Parsa and Klugman (2011) proposed a generalization of ordinary least squares regression which is better suited to the modeling of actuarial data sets, which often possess heavy-tailed marginal distributions and non-linear relationships between variables. However, not long after the introduction of copula regression, a surprisingly simple approximation was suggested. In this paper we have presented and investigated this approximation, which takes the form of an OLS regression, under particular transformations of the variables. Next, we described how this linear approximation to copula regression can produce estimates which are close to those from exact copula regression. However, we present a set of criteria which guarantee that the estimates from the linear approximation will underestimate those from exact copula regression. Further, it is described how the main driver of the discrepancy, or bias, between copula regression and its linear approximation is a consequence of the use of transformations of the variables. Moreover, we explain how this discrepancy is not due to the form of the transformations used within the linear approximation to copula regression, but rather such a discrepancy will likely arise whenever transformations of the variables are used within OLS regression.
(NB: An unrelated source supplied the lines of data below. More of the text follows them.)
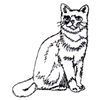 AMERICAN SHORTHAIR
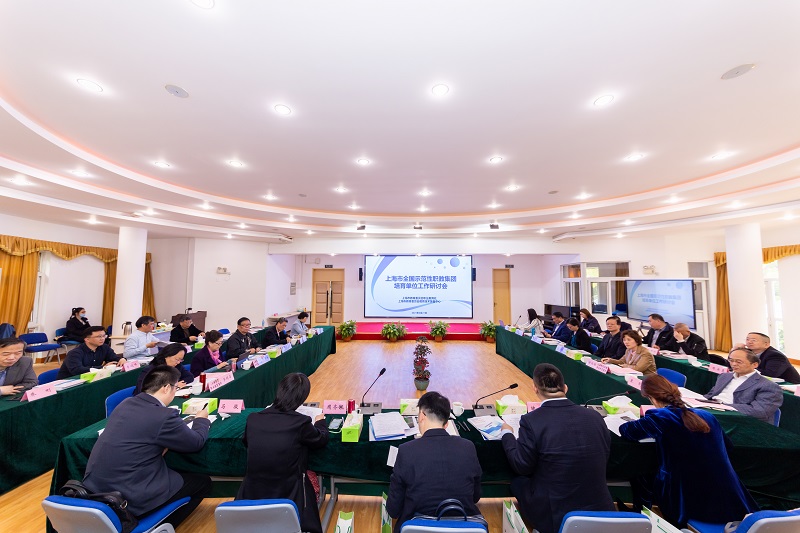 上海市全国示范性职教集团培育单位工作研讨会顺利召开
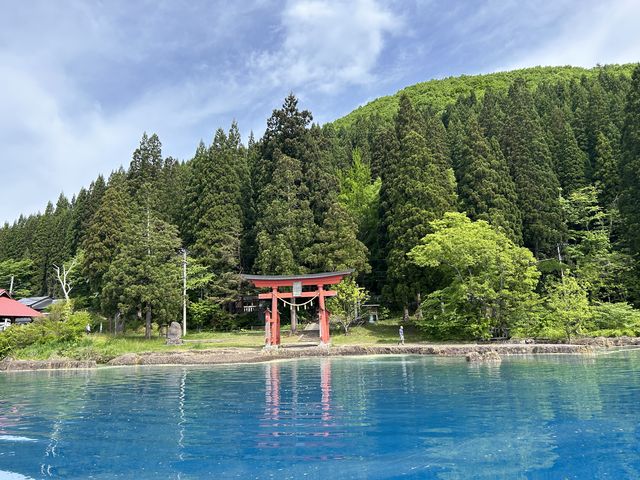 �Ɨ΁A�Ԃ��������ƂĂ��Y��ł����B_�c��ΗV���D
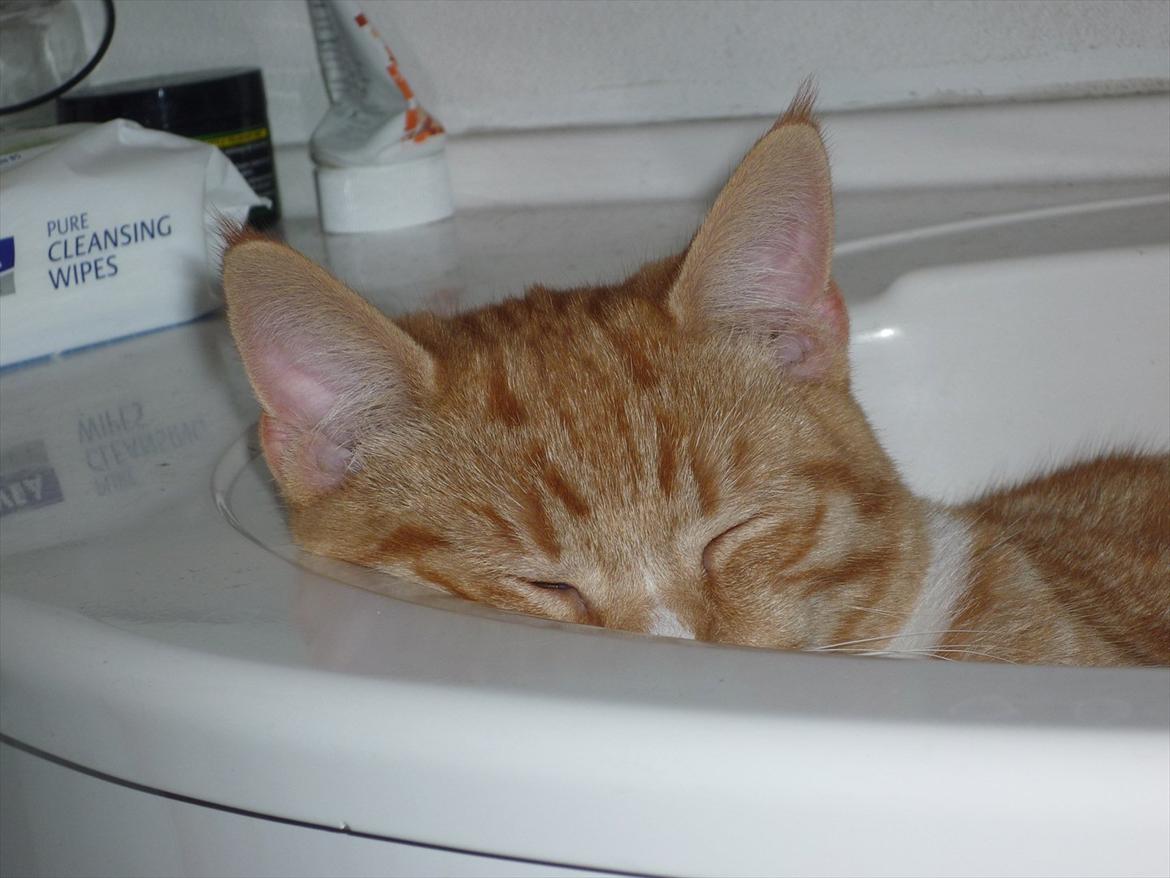 Huskat Gustav billede 11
This realization has consequences well beyond the specific models investigated in this paper, and serves as a salient reminder of the dangers of using transformations of variables within OLS regression. Finally, armed with the aforementioned sufficient conditions for underestimation, we continued by investigating which of the common loss distributions satisfy these criteria. In particular, we were able to prove that the lognormal, Pareto, and gamma distributions all satisfy these criteria and in particular, satisfy these criteria for all parameter values. Hence, these results allow the partitioner to determine when the estimates from the linear approximation to copula regression will underestimate the true values. Further, if OLS regression involving transformations is used within the reserving, capital modeling, or even pricing processes of a firm, these results can aid the practitioner in avoiding the understatement of reserves and even insolvency.

Acknowledgments

This work was sponsored by the Casualty Actuarial Society (CAS), the Actuarial Foundation’s research committee, and the Committee on Knowledge Extension Research (CKER) of the Society of Actuaries (SOA). In addition to the CAS, the Actuarial Foundation, and the CKER, the authors wish to extend thanks to Alice Underwood, Vice-President, Research and Development, CAS; David Core, Director of Professional Education and Research, CAS; Curtis Huntington, FSA, MAAA, FCA, MSPA (1942–2013) Former Chair, the Actuarial Foundation’s Research Committee, the CEKR of the SOA, and the Actuarial Foundation of Canada; Cynthia MacDonald, Senior Experience Studies Actuary, SOA; and Eileen Streu, Executive Director, The Actuarial Foundation.

Also, the authors wish to extend special thanks to the following individuals who provided guidance, feedback, and motivations for this research: Stuart Klugman, Staff Fellow, Education, SOA; and Thomas Struppeck, Longhorn Analytics LLC, and The University of Texas at Austin.